The Lincolnshire Bomber Command Memorial Appeal was established to encourage the recognition of the Command’s aircrew who sacrificed their lives during World War II. In total, over 25,000 men lost their lives flying from Lincolnshire for the Bomber Command, but until now their sacrifice has not been recognised with a formal memorial.

Thanks to the Bomber Command Memorial Appeal, a new landmark has been proposed for construction on Lincoln’s Canwick Hill in their honour.

Led by Tony Worth, Lord-Lieutenant of Lincolnshire, the Bomber Command Memorial Appeal has been working in conjunction with the University of Lincoln’s College of Arts. Together, they commissioned design proposals from renowned architects, and these will go on public display throughout April 2013.

Staff and students from the University’s School of Art and Design collaborated with the appeal team to create a brief for the contemporary memorial structure and its accompanying Interpretation Centre, which will recognise the enormous contribution made to the war effort by the county, and its on-going relationship with the RAF.

Chris Heighton, Arts Partnership Development Manager at the University of Lincoln, explained: “It has been a great honour to work with the Lincolnshire Bomber Command Memorial Appeal on the project. It is a fantastic opportunity to recognise the huge sacrifice made by the county during the war, and we are delighted to be bringing three completely different architectural designs to public consultation.

“Together with the Lincolnshire Bomber Command Memorial Appeal, we have selected the final three proposals for the memorial and Interpretation Centre, which marry wartime traditions with contemporary artistry. We believe that the memorial will provide a significant contribution to the visitor economy of the county, and we are very much looking forward to receiving feedback from the public on which installation they would like to see come to fruition.”

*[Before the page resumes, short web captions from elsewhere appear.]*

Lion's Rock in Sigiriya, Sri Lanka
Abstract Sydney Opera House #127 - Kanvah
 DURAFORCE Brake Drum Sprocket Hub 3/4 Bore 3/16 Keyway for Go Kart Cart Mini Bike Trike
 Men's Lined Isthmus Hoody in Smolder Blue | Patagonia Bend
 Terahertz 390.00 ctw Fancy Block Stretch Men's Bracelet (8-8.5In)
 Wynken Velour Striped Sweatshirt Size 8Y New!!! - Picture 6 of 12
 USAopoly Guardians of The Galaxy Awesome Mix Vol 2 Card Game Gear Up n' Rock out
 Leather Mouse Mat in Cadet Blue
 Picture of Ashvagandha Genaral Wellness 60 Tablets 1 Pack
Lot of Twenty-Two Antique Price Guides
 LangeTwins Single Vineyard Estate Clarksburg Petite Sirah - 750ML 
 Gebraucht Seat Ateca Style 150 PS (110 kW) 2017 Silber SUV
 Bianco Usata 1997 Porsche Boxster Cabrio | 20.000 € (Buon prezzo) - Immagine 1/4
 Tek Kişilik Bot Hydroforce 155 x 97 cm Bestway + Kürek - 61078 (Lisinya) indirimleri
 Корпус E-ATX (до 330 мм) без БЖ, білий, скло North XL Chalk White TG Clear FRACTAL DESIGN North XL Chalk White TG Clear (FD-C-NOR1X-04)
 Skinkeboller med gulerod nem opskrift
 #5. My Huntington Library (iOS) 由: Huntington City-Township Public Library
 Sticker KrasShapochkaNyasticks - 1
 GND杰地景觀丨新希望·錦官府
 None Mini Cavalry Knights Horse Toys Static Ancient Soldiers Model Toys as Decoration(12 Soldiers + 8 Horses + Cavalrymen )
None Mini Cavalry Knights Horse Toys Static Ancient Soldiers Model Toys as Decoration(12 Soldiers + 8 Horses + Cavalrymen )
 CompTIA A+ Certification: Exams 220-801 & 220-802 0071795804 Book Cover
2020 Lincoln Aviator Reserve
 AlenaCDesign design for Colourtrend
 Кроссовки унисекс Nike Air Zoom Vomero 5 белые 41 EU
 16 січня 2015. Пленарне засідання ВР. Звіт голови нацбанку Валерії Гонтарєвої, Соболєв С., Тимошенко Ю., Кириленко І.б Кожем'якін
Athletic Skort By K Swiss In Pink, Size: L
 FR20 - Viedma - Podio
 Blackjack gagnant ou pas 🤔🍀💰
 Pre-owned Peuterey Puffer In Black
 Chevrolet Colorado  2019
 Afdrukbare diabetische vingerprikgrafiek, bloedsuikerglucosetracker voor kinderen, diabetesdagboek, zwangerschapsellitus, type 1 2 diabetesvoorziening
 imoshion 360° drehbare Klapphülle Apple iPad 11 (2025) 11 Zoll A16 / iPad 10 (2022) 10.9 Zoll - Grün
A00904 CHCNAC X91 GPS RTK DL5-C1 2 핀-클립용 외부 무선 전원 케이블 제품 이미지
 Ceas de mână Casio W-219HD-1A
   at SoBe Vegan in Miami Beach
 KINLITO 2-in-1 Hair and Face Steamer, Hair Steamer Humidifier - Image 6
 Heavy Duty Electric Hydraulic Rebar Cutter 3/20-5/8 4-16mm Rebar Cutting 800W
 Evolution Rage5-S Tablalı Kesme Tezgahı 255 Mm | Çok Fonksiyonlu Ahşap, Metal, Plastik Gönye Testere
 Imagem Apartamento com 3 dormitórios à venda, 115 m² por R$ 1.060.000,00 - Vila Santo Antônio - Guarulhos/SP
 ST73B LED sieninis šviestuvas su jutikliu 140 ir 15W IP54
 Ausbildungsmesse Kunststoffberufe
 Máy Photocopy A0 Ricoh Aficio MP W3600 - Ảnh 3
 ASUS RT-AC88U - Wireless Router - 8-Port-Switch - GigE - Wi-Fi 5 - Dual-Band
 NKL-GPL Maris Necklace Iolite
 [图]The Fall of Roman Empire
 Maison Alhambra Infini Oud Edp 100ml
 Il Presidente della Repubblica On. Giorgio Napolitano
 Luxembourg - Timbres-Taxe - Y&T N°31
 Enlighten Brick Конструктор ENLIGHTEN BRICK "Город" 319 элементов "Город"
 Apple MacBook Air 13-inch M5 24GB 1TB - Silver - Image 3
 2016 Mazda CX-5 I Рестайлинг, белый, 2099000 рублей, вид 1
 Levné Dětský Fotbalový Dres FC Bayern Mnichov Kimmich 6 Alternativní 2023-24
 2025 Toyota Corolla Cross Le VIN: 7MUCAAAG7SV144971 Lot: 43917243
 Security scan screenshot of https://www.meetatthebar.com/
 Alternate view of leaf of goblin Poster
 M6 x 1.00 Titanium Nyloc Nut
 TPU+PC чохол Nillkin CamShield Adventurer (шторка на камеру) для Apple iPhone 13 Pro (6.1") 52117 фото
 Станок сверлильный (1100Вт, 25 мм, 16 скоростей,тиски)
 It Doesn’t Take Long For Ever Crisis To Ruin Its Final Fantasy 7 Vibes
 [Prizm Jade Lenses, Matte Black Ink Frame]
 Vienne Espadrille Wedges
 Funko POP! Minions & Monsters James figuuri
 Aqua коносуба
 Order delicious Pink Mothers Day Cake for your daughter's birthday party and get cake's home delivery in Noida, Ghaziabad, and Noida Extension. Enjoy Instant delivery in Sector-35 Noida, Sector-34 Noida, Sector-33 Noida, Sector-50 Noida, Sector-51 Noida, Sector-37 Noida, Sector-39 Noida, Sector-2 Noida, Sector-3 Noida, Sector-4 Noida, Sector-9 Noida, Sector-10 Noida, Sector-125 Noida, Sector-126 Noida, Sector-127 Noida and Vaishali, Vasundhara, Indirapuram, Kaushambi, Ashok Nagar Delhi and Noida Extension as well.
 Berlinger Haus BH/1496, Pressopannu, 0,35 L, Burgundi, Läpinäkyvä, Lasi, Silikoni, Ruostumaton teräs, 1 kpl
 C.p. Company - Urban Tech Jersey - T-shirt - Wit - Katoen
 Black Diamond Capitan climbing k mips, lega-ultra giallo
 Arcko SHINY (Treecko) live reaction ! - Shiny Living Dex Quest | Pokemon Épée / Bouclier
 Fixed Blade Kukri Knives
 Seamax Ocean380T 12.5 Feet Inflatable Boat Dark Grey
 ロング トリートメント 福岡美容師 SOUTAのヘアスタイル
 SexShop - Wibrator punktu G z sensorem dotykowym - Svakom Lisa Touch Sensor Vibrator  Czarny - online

The Canwick Hill site that will be home to the memorial overlooks Lincoln Cathedral, a major landmark for crews leaving Lincolnshire and a significant navigation point for those lucky enough to return.

Tony Worth, Lord-Lieutenant of Lincolnshire, said: “My vision for a memorial in the county within sight of the Cathedral, which was a potent landmark for the bomber crews, became more of a possibility when I became Lord Lieutenant of Lincolnshire and had a bit more influence within the County.  The proposal was put on hold until the London memorial had been erected, but now that it has, I am determined that one should be in place in Lincolnshire for the 70th anniversary of the ending of hostilities.”

The public exhibitions will be hosted by a number of venues across the county. Historical documentary films detailing the history of the Bomber Command will also be on show, and representatives from the appeal will be on hand to answer questions regarding the plans.

The consultations will take place at the following locations:

Saturday 6th April – Tuesday 9th April 2013:
Water‘s Edge Centre, Barton-Upon-Humber

Friday 12th– Monday 15th April 2013:
The Collection, Lincoln

Tuesday 16th - Wednesday 17th April 2013:
National Centre for Craft & Design, Sleaford

Thursday 18th April 2013:
The University of Lincoln, Main Administration Building

Monday 22nd – Friday 26th April 2013:
RAF Waddington (Junior Ranks Mess & HIVE Centre)

Monday 29th April - Wednesday 1st May 2013:
RAF Cranwell (Brunei Community Centre)

The formal launch of the Memorial Appeal will take place at the Lincolnshire Aviation Heritage Centre at East Kirkby on the 30th and 31st May 2013. The official unveiling of the memorial and Interpretation Centre is planned for 2015 to mark the 70th anniversary of the cessation of hostilities in World War II.